_Problem to solve:_
Find the line below with "Rofennie Suite -Luxury" and the line with "Jaqueta Trucker Boxy". Output them and the lines between, exactly, but not the pictures.

_Dataset entries:_

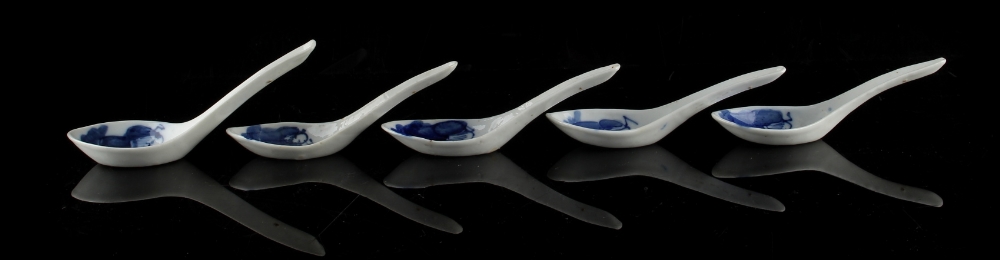 A private collection of Chinese spoons, mostly collected in the 1980's - a set of five Chinese - Image 2 of 3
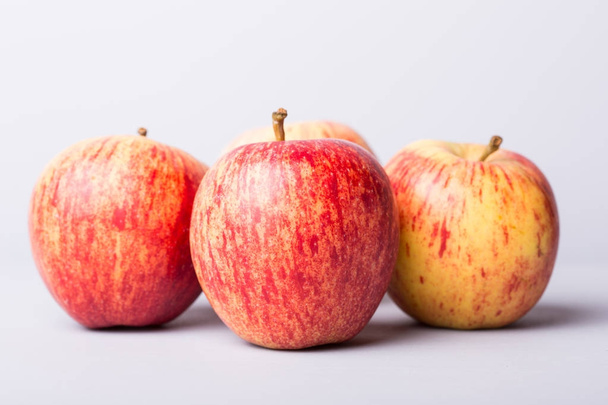 manzanas sobre un fondo de madera blanca, imagen de estudio
 - Foto, imagen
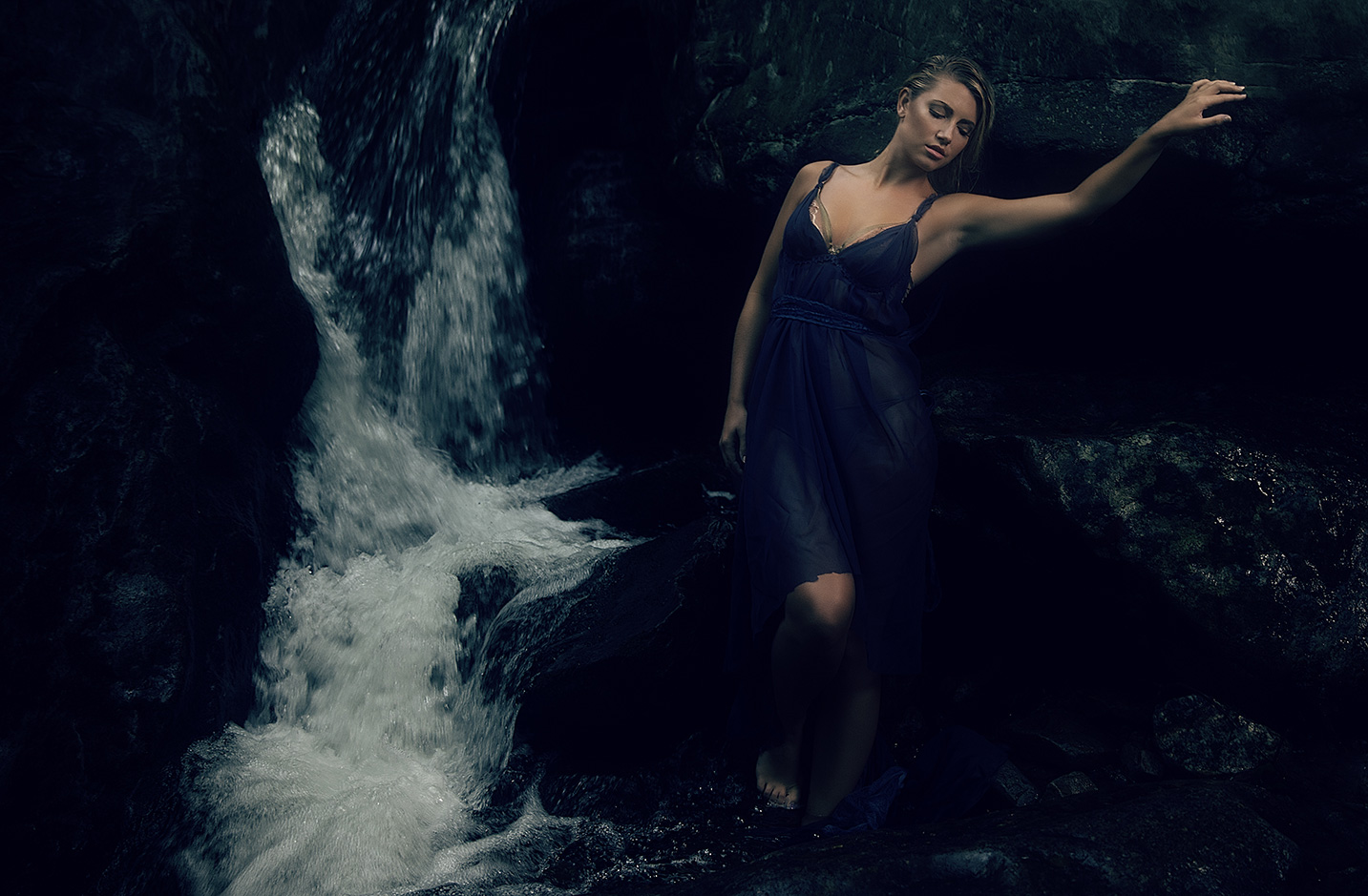 20140625_Rachel_Johnston_Waterfall_Live_Work-5.jpg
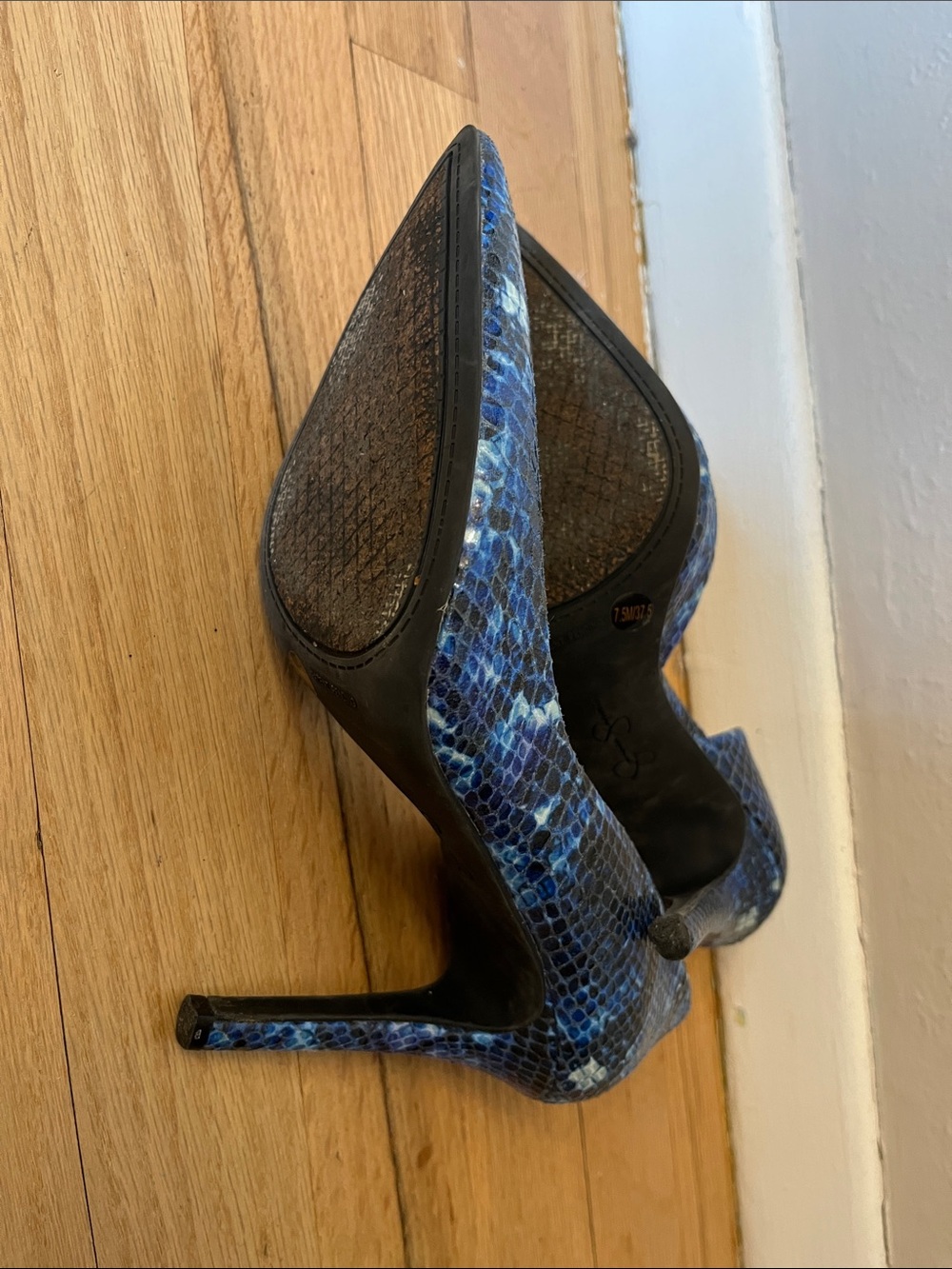 Jessica Simpson Blue and Black Snakeskin Pointed-Toe Heels - Picture 6 of 6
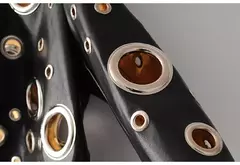 Chaqueta corta de Piel Sintética Remache Dorados - TOKO Directo a tu Puerta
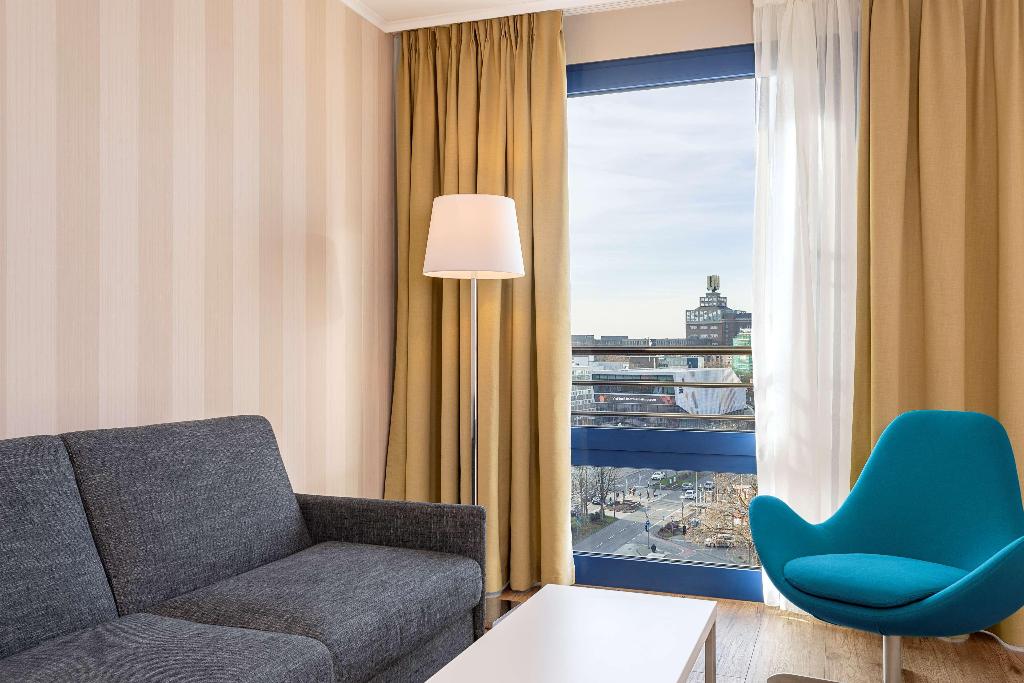 hotel-thumb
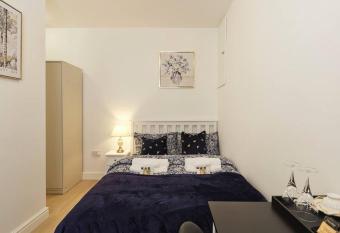 Rofennie Suite -Luxury ensuite room! allows 18 year olds to book a room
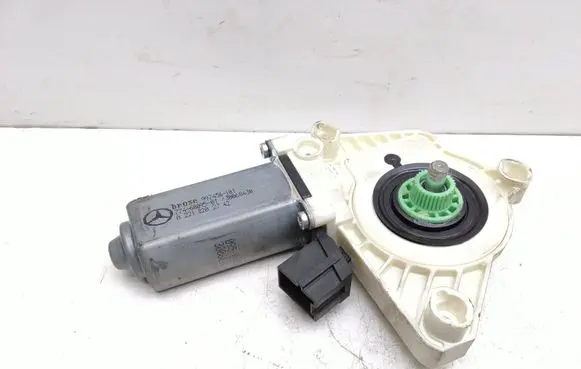 Mercedes-Benz S W221 Front door window regulator motor A2218202742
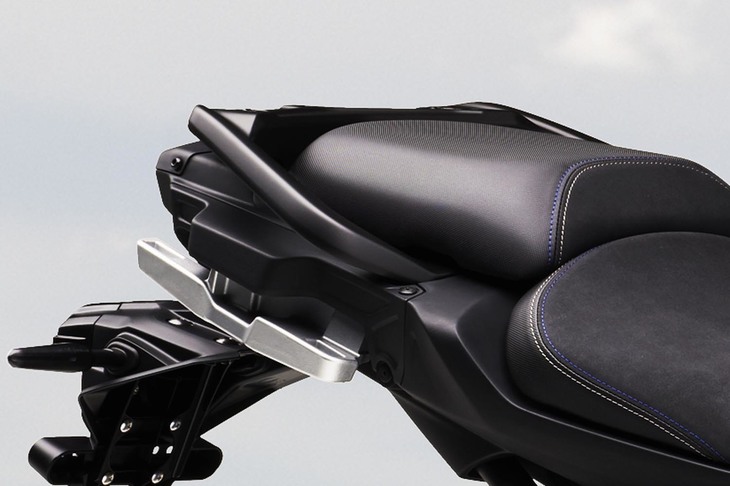 サイドケース用のステーはダンパー内蔵。ヤマハ独自の制振技術でサイドケースの振動を減衰する。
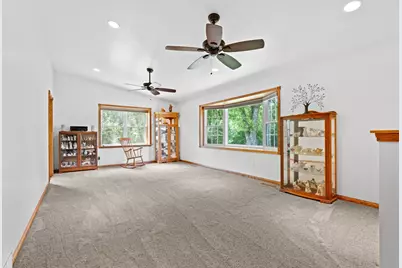 2000 Schmidt Court SE, Rochester, MN 55904 - Photo 8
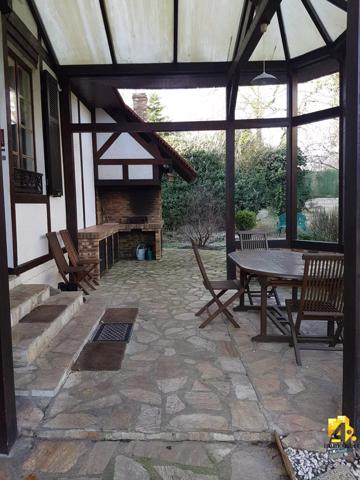 Maison - 7 pièces - 220 m²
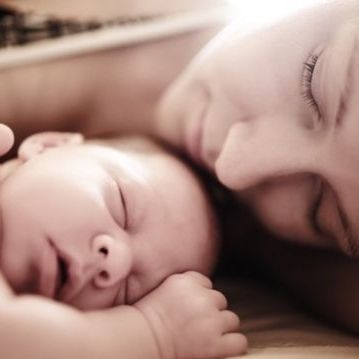 14 πράγματα που θα ήθελα να μου είχαν πει για την επιλόχεια κατάθλιψη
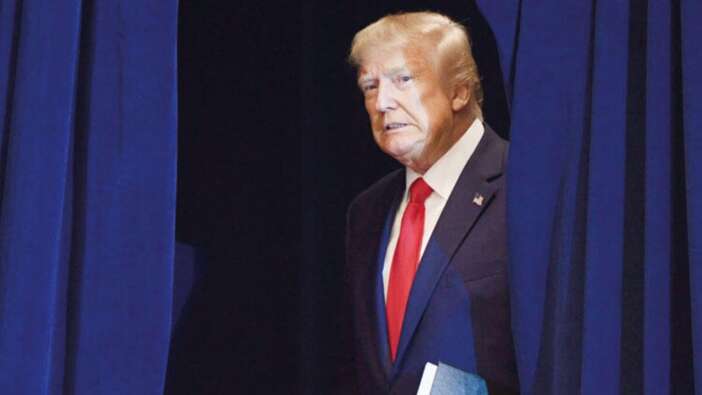 ABD'de polis aracına saldırıldı, Trump idam istedi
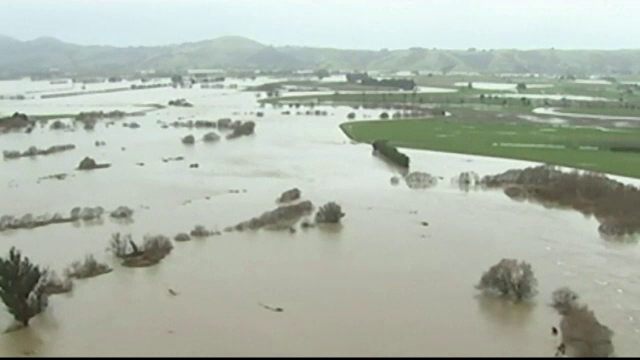 Stare de urgenta in trei orase din Noua Zeelanda, in urma unei furtuni violente. Sute de locuinte au fost evacuate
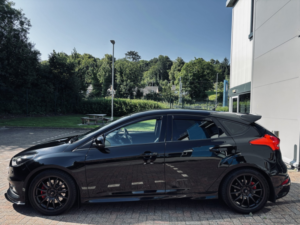 2015 Ford Focus 2.0 T Ecoboost St-3 in Black — image 6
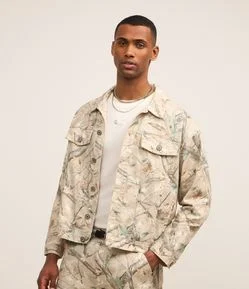 Jaqueta Trucker Boxy em Sarja com Estampa de Galhos de Arvore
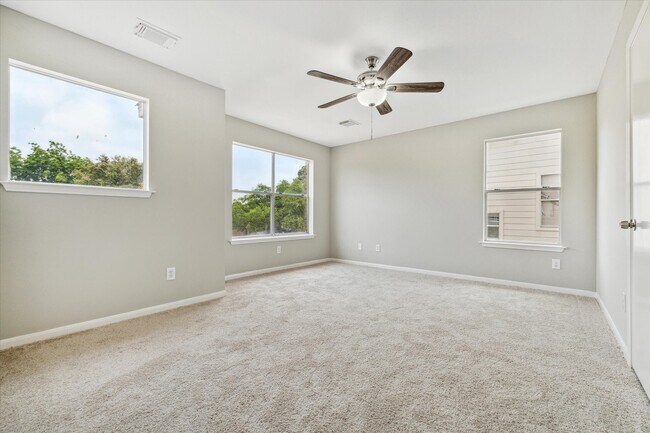 Building Photo - 7347 Parkland Manor Dr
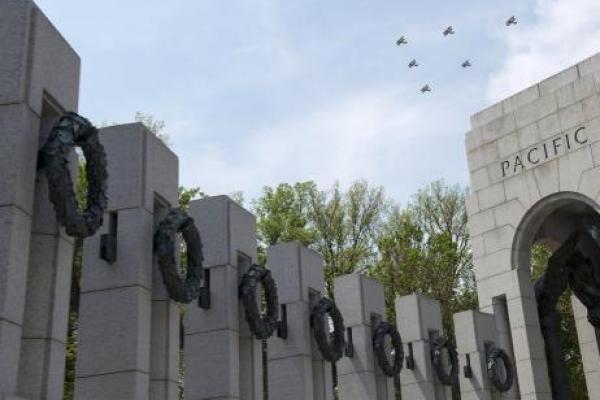 Pada tanggal 29 Mei 2004, peringatan Perang Dunia II Nasional didedikasikan di National Mall di Washington. Ribuan veteran perang, yang berakhir hampir 59 tahun sebelumnya, menghadiri upacara tersebut.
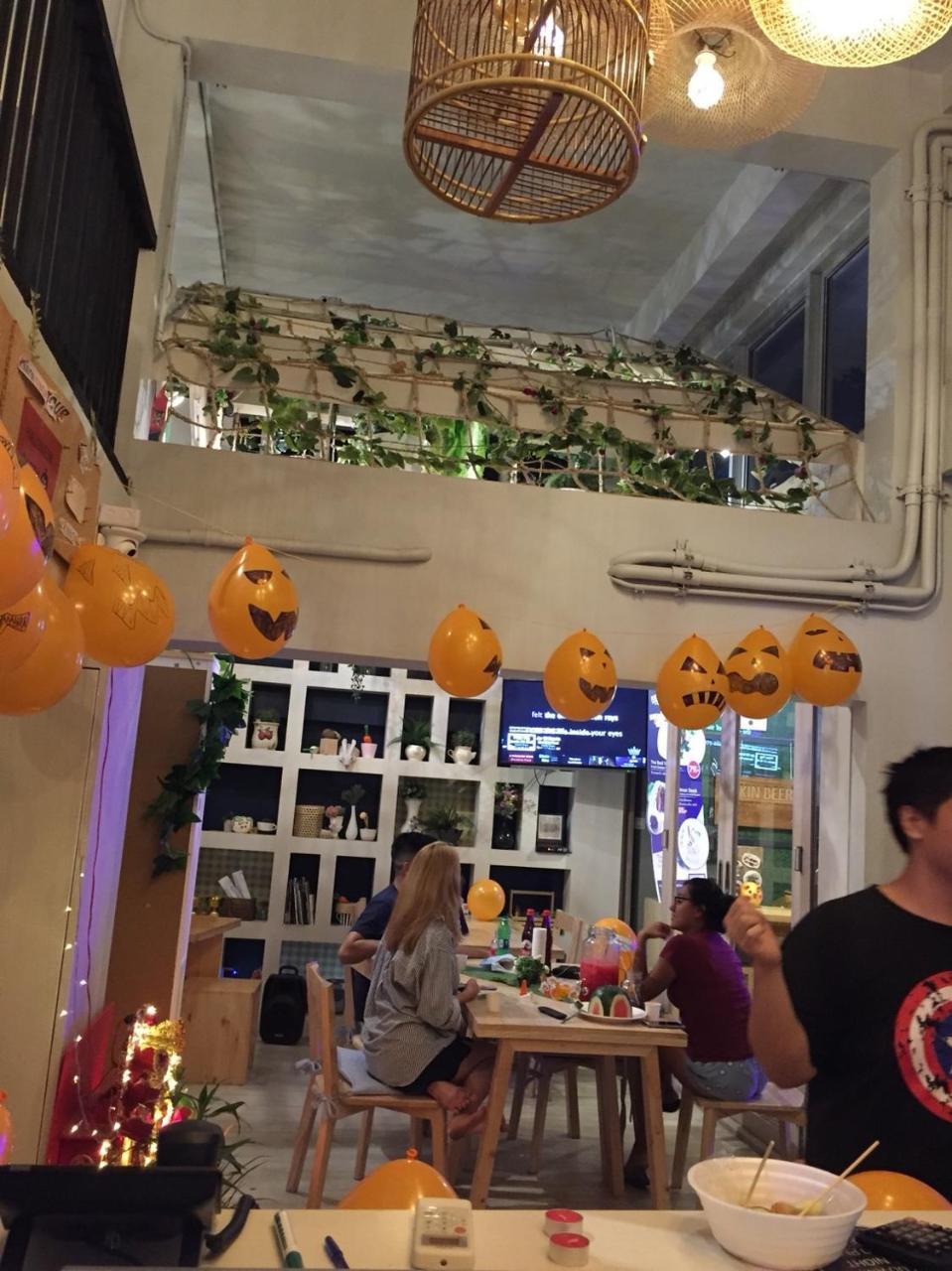 Kinnon Deluxe Coworking Cafe Auberge de jeunesse Bangkok
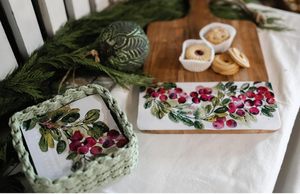 Tabla de cortar/para queso Boston International con asa - Bandeja de servir de madera y esmalte Cranberry Wreath - Product Image 2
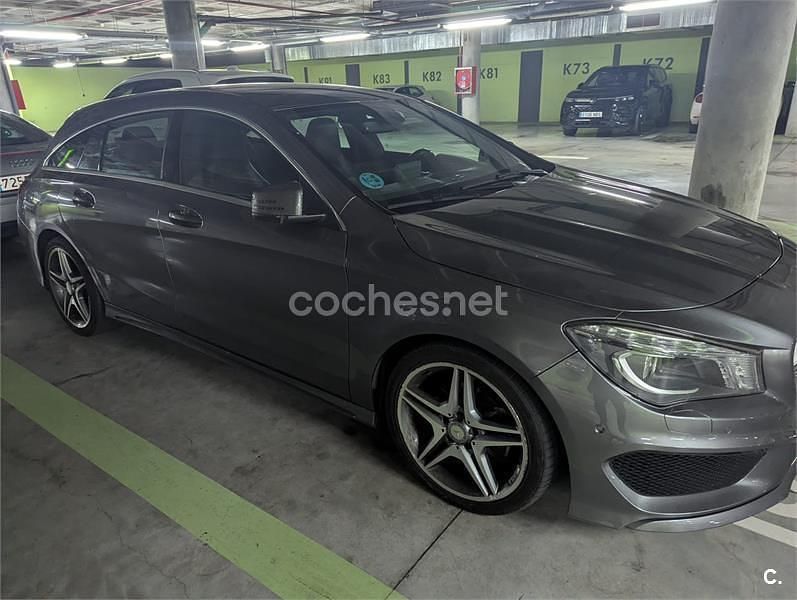 Usado Mercedes CLA200 Shooting Brake 136 CV (100 kW) 2016 Gris / plata Familiar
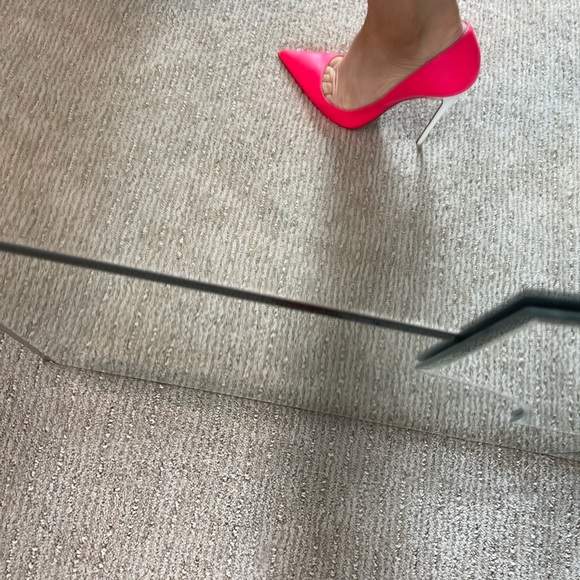 Christian Louboutin So Kate Pink Size 38. - Picture 9 of 10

_Solution to this task:_
 Rofennie Suite -Luxury ensuite room! allows 18 year olds to book a room
 Mercedes-Benz S W221 Front door window regulator motor A2218202742
 サイドケース用のステーはダンパー内蔵。ヤマハ独自の制振技術でサイドケースの振動を減衰する。
 2000 Schmidt Court SE, Rochester, MN 55904 - Photo 8
 Maison - 7 pièces - 220 m²
 14 πράγματα που θα ήθελα να μου είχαν πει για την επιλόχεια κατάθλιψη
 ABD'de polis aracına saldırıldı, Trump idam istedi
 Stare de urgenta in trei orase din Noua Zeelanda, in urma unei furtuni violente. Sute de locuinte au fost evacuate
 2015 Ford Focus 2.0 T Ecoboost St-3 in Black — image 6
 Jaqueta Trucker Boxy em Sarja com Estampa de Galhos de Arvore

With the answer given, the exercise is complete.